L’assassinat du général Wissam el-Hassan ouvre la voie à toutes sortes de spéculations sur les commanditaires de cet acte terroriste, sur les exécutants et sur les motifs. Les pistes avancées par les analystes et autres experts pour le moins subjectifs sont nombreuses. MESP tente de les mettre en perspective, pour mieux comprendre le débat qui dépasse le seul cadre local libanais, en se référant aux argumentations avancées par les tenants de telle ou telle option.
1. La piste syrienne: Hypothèse: Hassan est un soutien déclaré à l’opposition syrienne et à sa composante armée. Sa contribution, active et opérationnelle, au retournement et à l’exfiltration de personnalités sunnites, aux opérations de transferts de combattants et de matériels au profit de l’ALS, etc., expliqueraient son élimination par le régime syrien.
2. La piste israélienne: Hassan a réussi à identifier et à arrêter plusieurs réseaux d’espionnage au profit d’Israël, y compris dans les rangs du Hezbollah et de la résistance anti-israélienne, et de la composante chrétienne du 8 Mars, le Courant Patriotique Libre. Il était aux premières lignes d’une guerre sans merci contre le Mossad et les autres services israéliens.
3. La piste iranienne: Hassan était perçu par les Iraniens et par les Pasdarans, actifs sur les scènes arabes et au Liban, comme un des pivots du dispositif de renseignement de l’Arabie saoudite, et un des relais de services hostiles, dont les services de renseignements du Qatar, de Turquie, des Etats-Unis, de France. Son élimination s’inscrirait, selon cette perception, dans le cadre du bras de fer entre l’Iran et l’axe qu’il représente d’une part, et l’Arabie saoudite et ses ramifications régionales et internationales.
4. La piste russe: Hassan se serait retrouvé, en s’engageant directement sur le front syrien, en confrontation directe avec les services russes très engagés, avec les services iraniens, dans la défense du régime syrien. La dimension internationale que pouvait prendre son action, au profit de l’Otan et de services occidentaux, à partir du Liban, en Syrie, en Jordanie ou en Turquie, aurait pu inquiéter les Russes, d’autant que la dimension sunnite djihadiste était visible dans l’action coordonnée par Hassan sur la scène syrienne.
5. La piste al-Qaëda: Hassan a réussi à démonter des réseaux terroristes liés à al-Qaëda qui s’implantaient au Liban, dans le nord du pays et dans certains camps palestiniens. Ses interventions contre al-Qaëda dépassaient la frontière libanaise, puisqu’on lui attribut une implication directe dans la lutte régionale (saoudienne) et internationale (y compris lorsqu’il a pu jouer les intermédiaires entre le régime syrien et des services occidentaux) contre al-Qaëda. Selon les tenants de cette option, Hassan aurait été sollicité directement par la CIA et des services occidentaux pour contenir la montée en puissance du djihad au nord-Liban à la lumière des expériences libyenne, yéménite et syrienne.
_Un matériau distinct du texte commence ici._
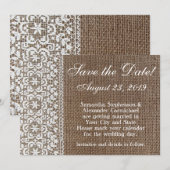Eenvoudige Burlap en Lace Save the Date (Voorkant / Achterkant)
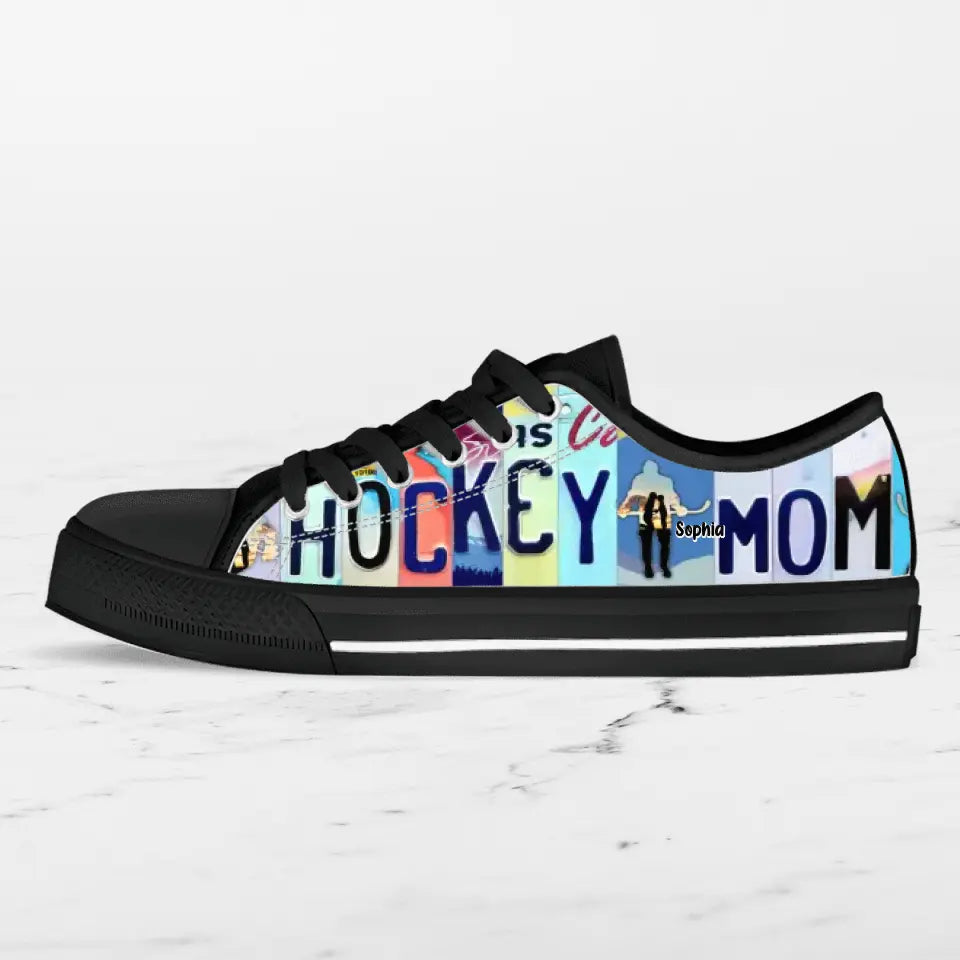 Custom Hockey Mom Canvas Sneakers - Gift Idea for Hockey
6. La piste du Hezbollah: D’aucuns tiennent à croire que le Hezbollah entend conserver le monopole de la sécurité et qu’il entend priver le camp sunnite de se doter de moyens militaires et sécuritaires conséquents à travers les SR des FSI et le général Hassan. Les tenants de cette logique n’excluent pas ici une dimension régionale, syrienne et iranienne.
MESP ne cautionne évidemment aucune de ces options ou pistes qui restent avant tout des spéculations motivées principalement par des considérations politiques subjectives. Mais, l’exercice mérite d’être fait, d’autant que le crime profite, à des degrés divers, à chacune des parties évoquées, même si celles-ci ne sont pas impliquées. L’exercice met en évidence surtout une probable conjonction d’intérêts et des motivations croisées entre divers acteurs locaux, régionaux et internationaux. Les faits confirment une extrême professionnalisation dans la planification et l’exécution, et une maîtrise parfaite du terrain. Les faits supposent aussi que cet assassinat s’intègre dans une vision politique ou géopolitique qui dépasse certainement le cadre libano-libanais et le cadre strictement sécuritaire. Un acte d’une telle ampleur et d’une telle portée pourrait avoir des implications sur les évolutions politiques, sécuritaires et géopolitiques, au Liban, en Syrie et au Proche-Orient.